Oluwatosin Ohiro (Chemical Engineering and Scientific Computing)
Oluwatosin earned his primary degree in petroleum and gas engineering and worked for several years as a reservoir engineer and oil asset planner. He is currently pursuing his PhD in the Chemical Engineering Department under the supervision of Prof. Bryan Goldsmith. His research focuses on the interface of computational materials science and heterogeneous catalysis.
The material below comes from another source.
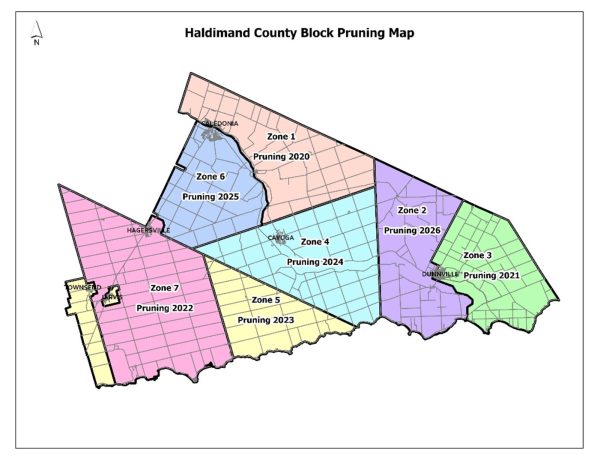 Map of pruning areas by block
Quantifying the state of inflammation in invasive lobular breast cancer using a one-class logistic regression algorithm
After invasive ductal cancer (IDC), invasive lobular cancer (ILC) is the second most diagnosed type of breast cancer. Given complexities with detection, patients with ILC may be diagnosed at an advanced stage of disease, presenting larger tumors and a higher metastasis incidence when compared to IDC. It is increasingly appreciated that the immune system plays a crucial role in both primary tumor and metastatic progression and is a complex balance of both innate and adaptive immune interactions. Critically, the success of modern immunotherapies, such as immune checkpoint blockade, depends not only on the T cells on which they directly act, but also the complicated and often contradictory influence of innate myeloid cells on the lymphoid compartment. Innate myeloid cells in the tumor microenvironment (TME) have the potential to be both pro- and anti-cancer and often present in a spectrum within the TME. The dynamic nature of these immune components makes understanding and interpreting the state of the immune system in the TME very difficult. Simple methods, like quantifying tumor infiltrating lymphocytes (TILs) or tumor-associated macrophages (TAMs) do not account for the function of these cells, which may be pro- or anti-tumor. We investigated the role of the immune system in the tumor microenvironment (TME) of ILC by developing a machine learning-based inflammation score (IS) that can quantify the complex state of the immune system within a primary tumor on a numerical scale from pro- to anti-inflammatory. We correlate the IS with overall survival and disease-free survival to set prognostic thresholds for immune dysregulation.
Kate Griffin (Biomedical Engineering and Scientific Computing)
Kate is a PhD Candidate in Biomedical Engineering in the Shea Lab. Her research involves engineering nanoparticles to reverse immunosuppression in metastatic breast cancer, and using computational methods to understand immune dysregulation in the metastatic niche.